I didn’t imagine I will be invited for the 2016 edition . I had began a small and undisciplined thrift in the hope of raking enough money to lodge in the official hotel for the Ake guests for the sheer pleasure of breakfast full of intellectual prattle and ataxic poolside nights.
It was a pleasant surprise when a mail came from their office asking if I would like to moderate a book chat panel featuring two first-time male novelists, Jowhor Ile and Odafe Atogun, authors of And After Many Daysand Taduno’s Song respectively.
So I said yes. And I took a stretch of my annual leave and arrived in Abeokuta early enough to partake in every day of that weeklong art jamboree. The festival itself has a routine, typically beginning with arrival of guests, first in trickles and spiking the night before the opening ceremony usually on Thursday.
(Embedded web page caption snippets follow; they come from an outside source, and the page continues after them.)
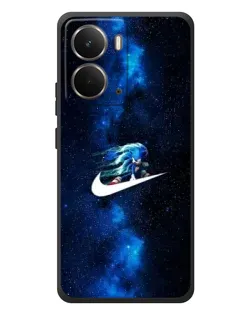 Чехол для RealMe P3 с картинкой «Звездный путь Nike»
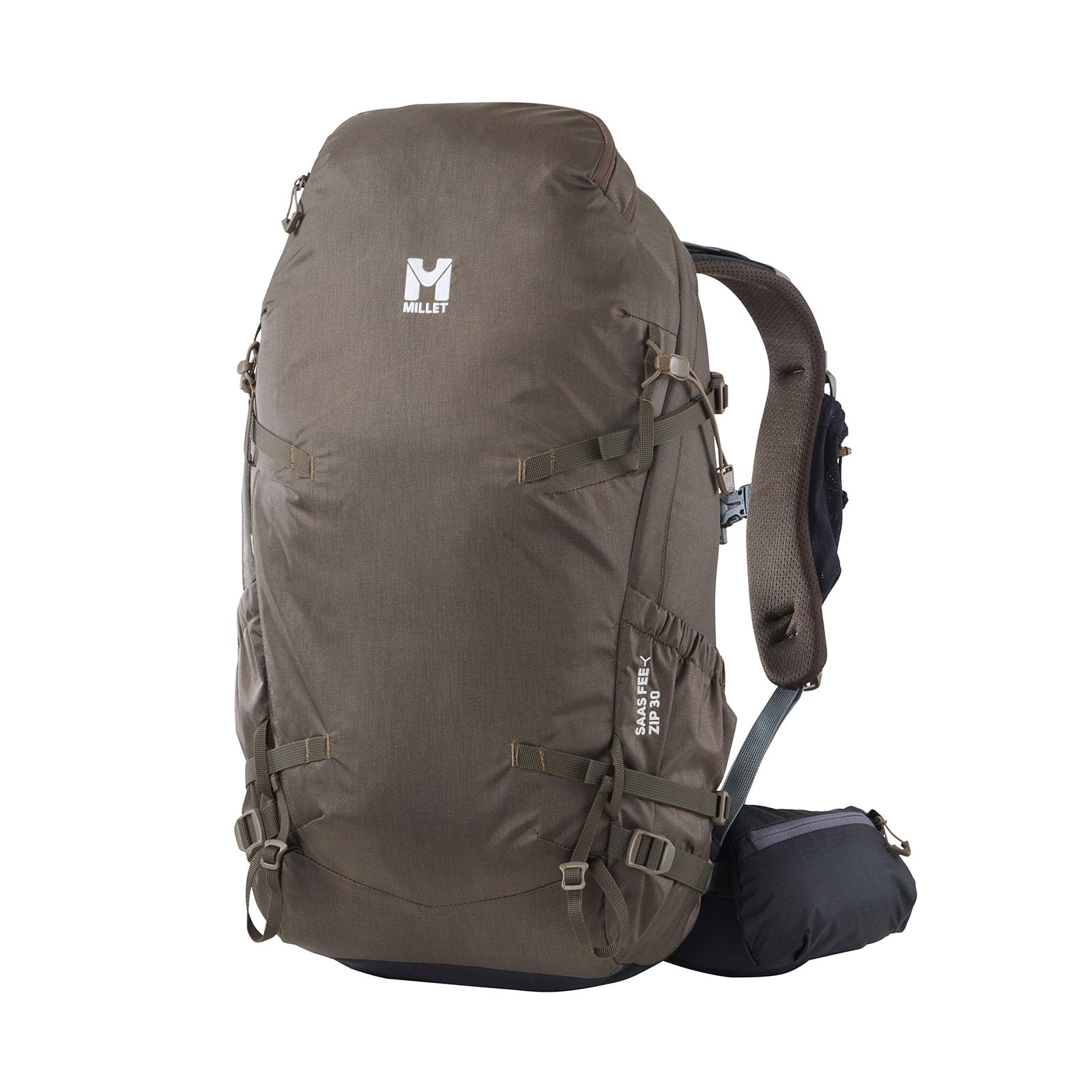 

Mountaineering Backpack NX Zip 30 MIS0777 Coffee M Length [Millet] Saas-Fee (NEW LOGO) [Back = 48cm]
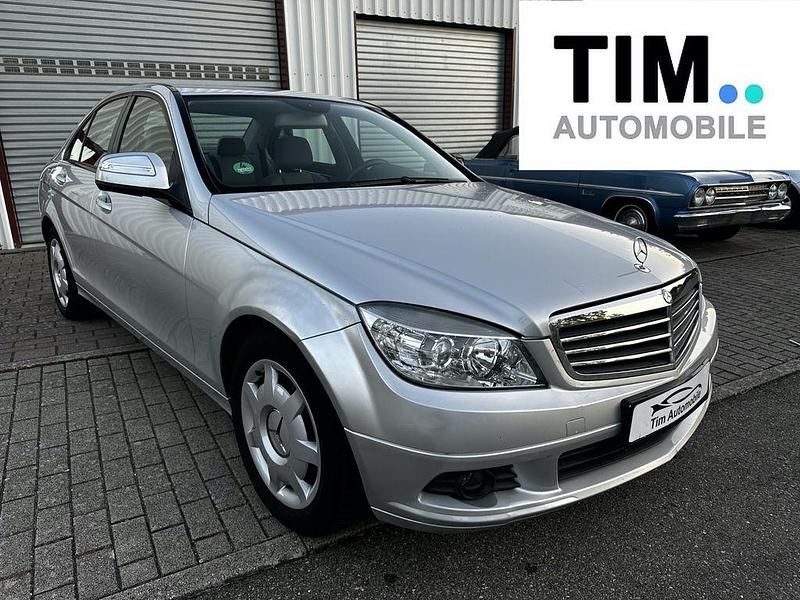 Silber Gebraucht 2007 Mercedes C180 Limousine | 6.999 € (Guter Preis) - Bild 1/4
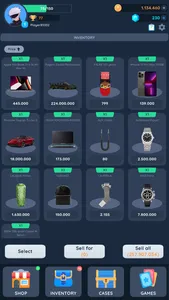 TapCase - Case Simulator Items screenshot 1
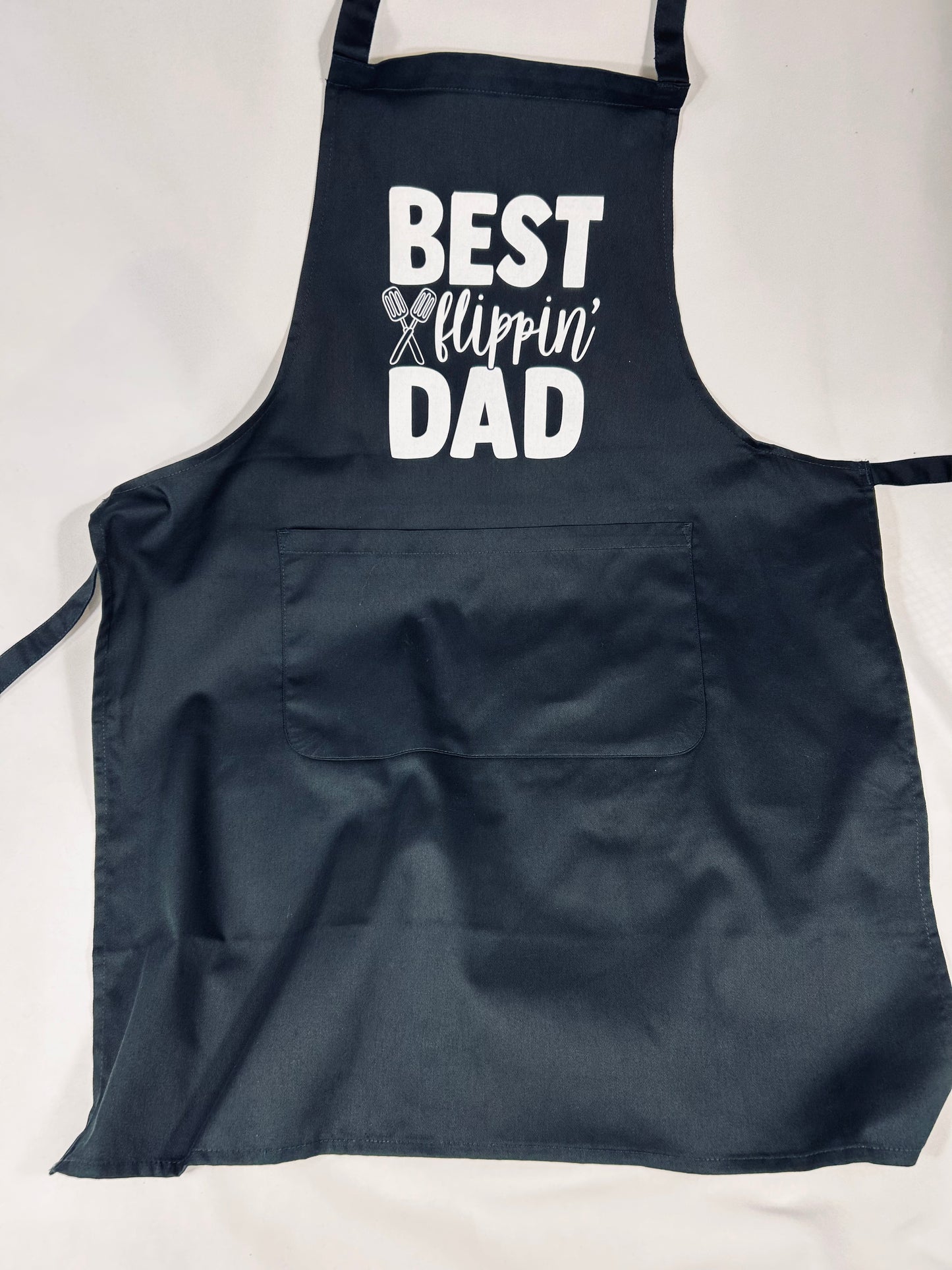 ‘Best Flippin Dad’ BBQ / Cooking Apron - Father’s Day Gift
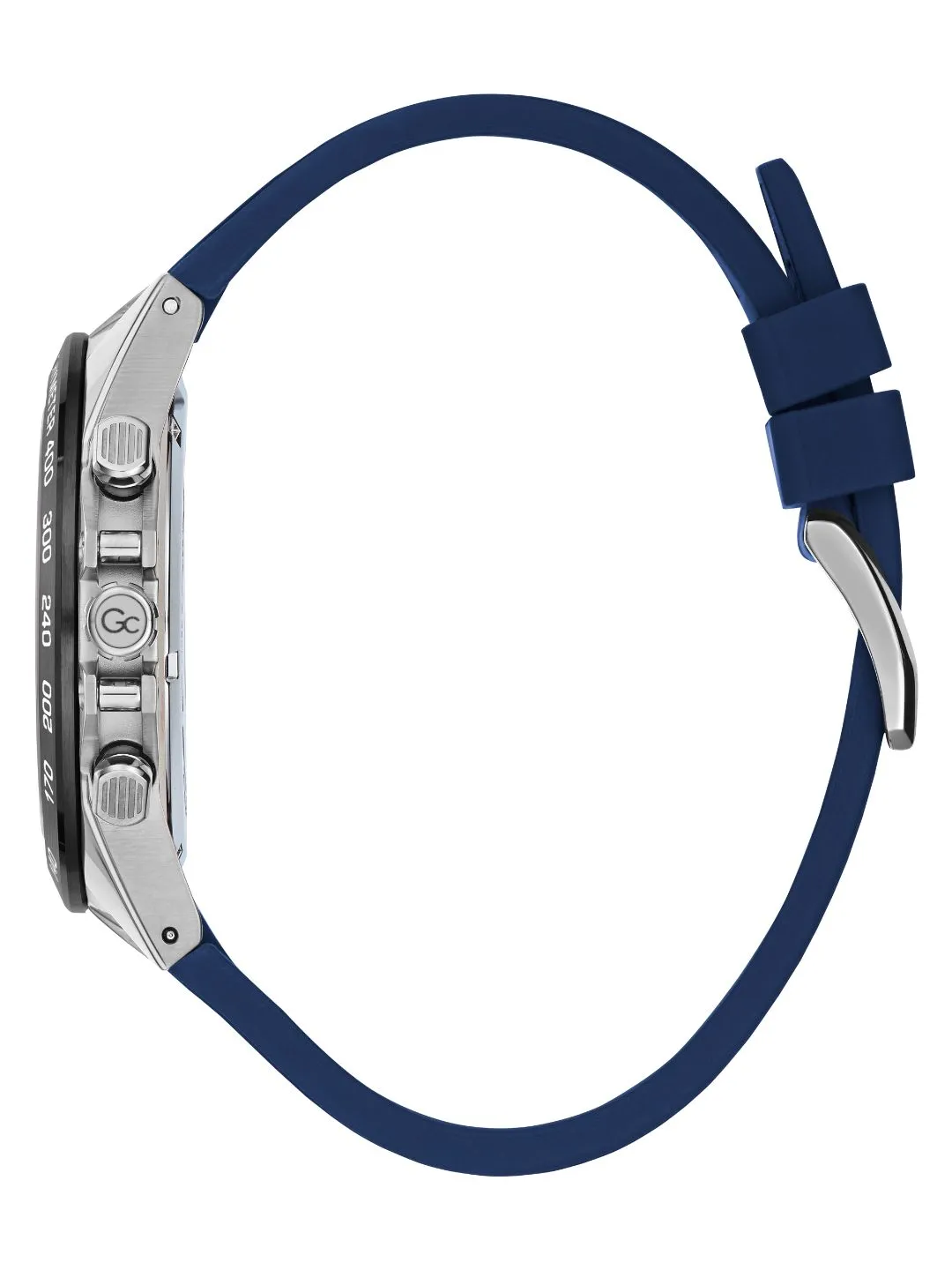 GC Men Blue Wrist Watch - Z07001G7MF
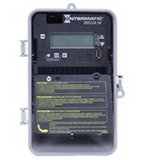 Intermatic ET2115CP 365/24 Hour Electronic Control - 1xSPDT - Indoor/Outdoor Type 3R Plastic Enclosure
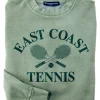 East Coast Tennis Sweatshirt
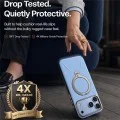 Кожен калъф Torras - QPRO Leather Series - iPhone 18 Pro / iPhone 17 Pro - Син
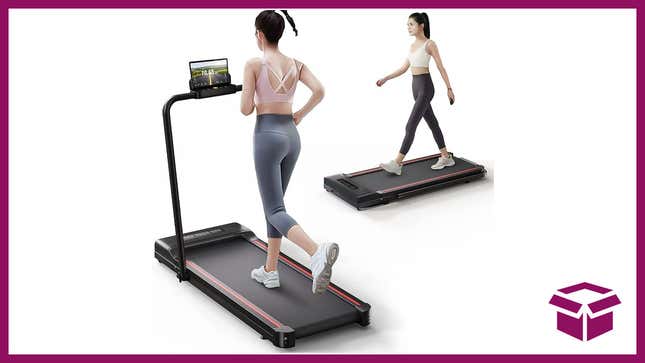 Walk, run, skip, or handstand your way to fitness.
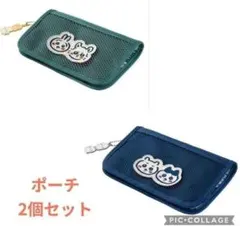 専用 ちいかわ パスポートも入るサイズのイベントポーチ　うさぎとモモンガ　ハチワ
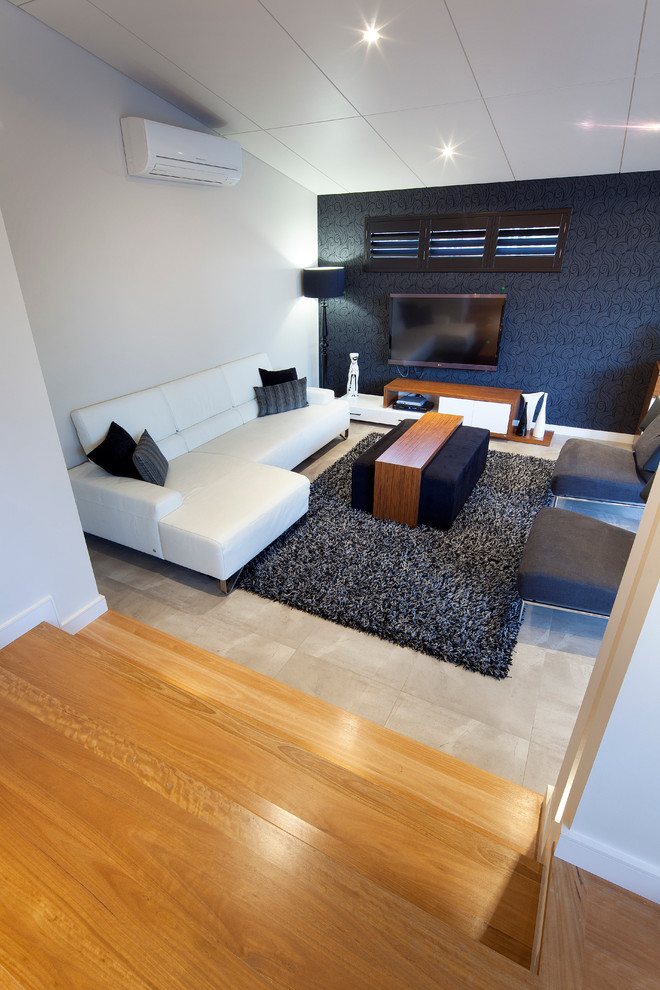 Munro St - Contemporary - Living Room - Perth - by Nulook Homes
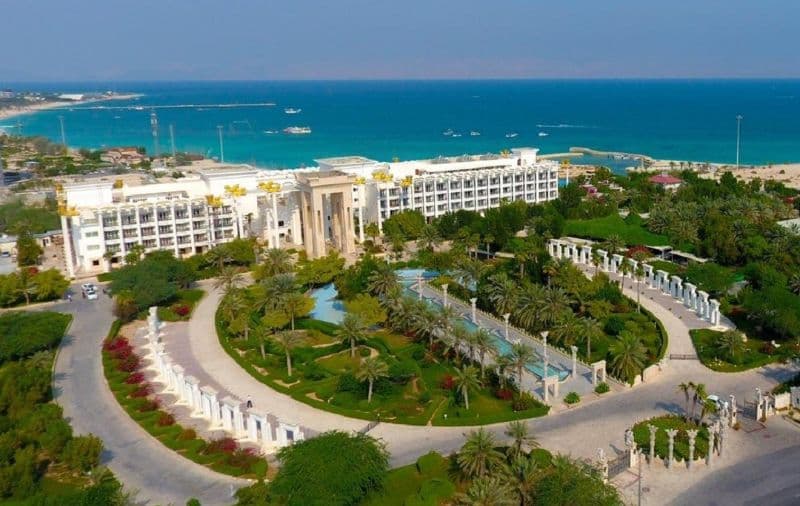 هتل های ساحلی کیش: معرفی بهترین‌ها + رزرو همراه با تخفیف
The early comers were usually the organizers, volunteers and facilitators at Master Classes. By Wednesday, the festival begins with school visits. Authors are randomly paired and taken to different secondary schools to interact with students and teachers alike.
I was fortunate to have been gone to Baptist Girls Academy alongside the German graphic novelist Sebastian Loerscher and Zimbabwean novelist Noviolet Bulawayo. We had not prepared anything to tell the students and in the creaking bus taking us down, I said to myself that I would tell them not to do drugs.
The students had prepared for us. They did a beautiful dance choreography, drama skits, poetry recitation and asked a heap of thoughtful questions that made me think seriously of Nigeria’s future.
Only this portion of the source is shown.